Big O Notation

Before we get into lists, I want to emphasize a concept you are going to hear me talk about again and again.

When we consider algorithms, that is, miniature programs, we want to figure out if it is going to take a long time to run, or if it is going to us a lot of memory. We ask ourselves what will happen if we have 2x, or 10x, or 1,000x as much data, and we apply these simple algorithms.

Big O Notation is the system we have come up with to represent the complexity of the algorithm, and it is used to figure out what the complexity of new algorithsm are.

Why We Want Big O Notation

When we are considering algorithms, we want a simple tool that will tell us how quickly the algorithm will blow up, either in terms of computation time or memory usage. One algorithm might work fine for 10 or 20 elements, but when we try to apply it to millions, it will take more time than the universe has been around. Another algorithm will be slow for 10 or 20 items, but not much slower for thousands or even millions of items.

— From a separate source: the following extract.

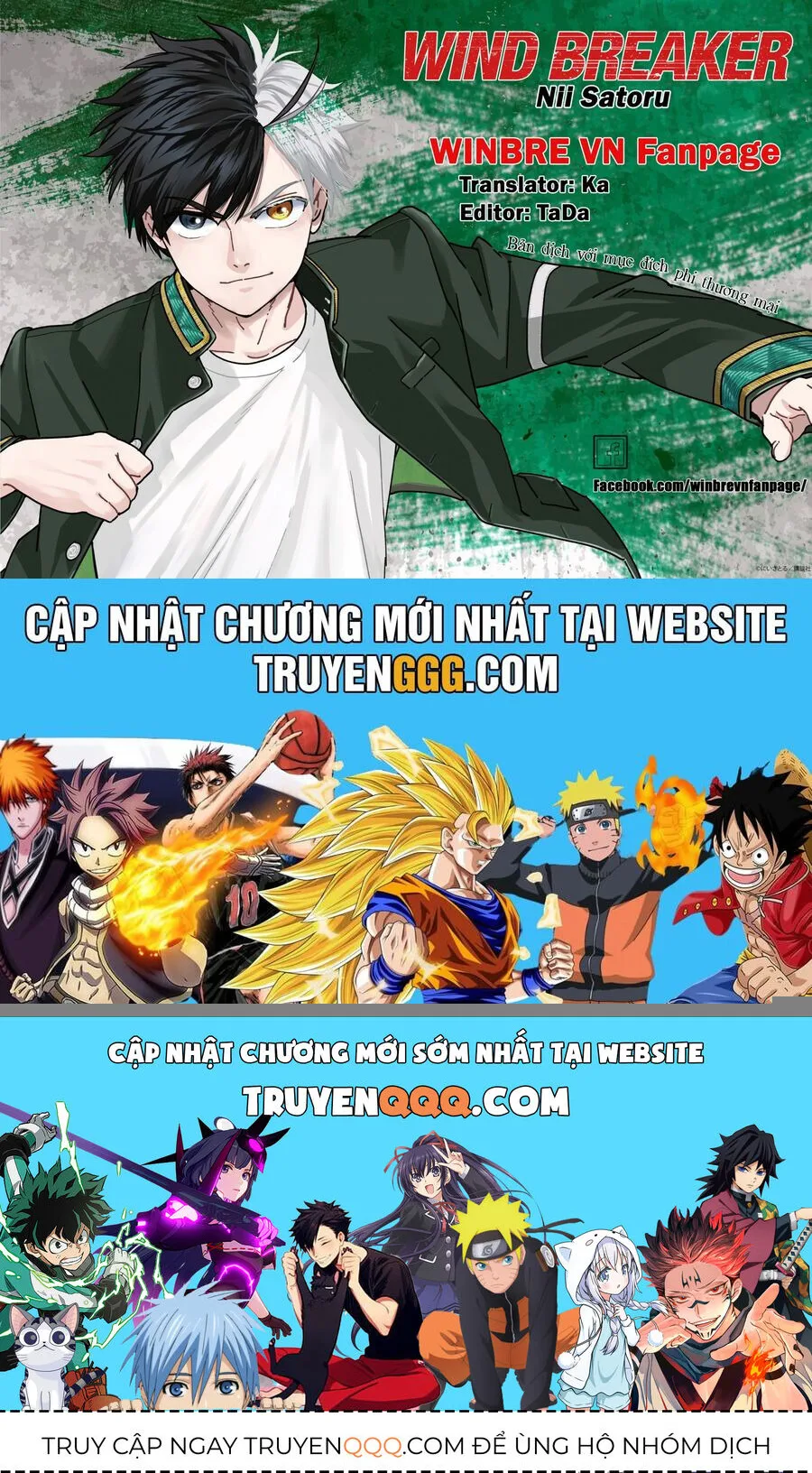 Wind Breaker (Nii Satoru) chương 172.5 - trang 21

There are two scales we worry about as programmers: The few and the many. By few, I mean numbers that are not hard for a computer to deal with – numbers typically below 100. By many, I mean numbers that may be hard for humans to comprehend – millions or billions or more.

Big O will tell us what will happen if we try to take the algorithm to extremes. It will give us a clue whether this algorithm is just good for small numbers of items or astronomical numbers.

When we use Big O notation, we tend to see the following behaviors:

  • Constant: 1 These algorithms will take roughly the same time whether you have a few items or many. This may seem like a fantasy, but we’re going to see it again and again for the most common algorithms.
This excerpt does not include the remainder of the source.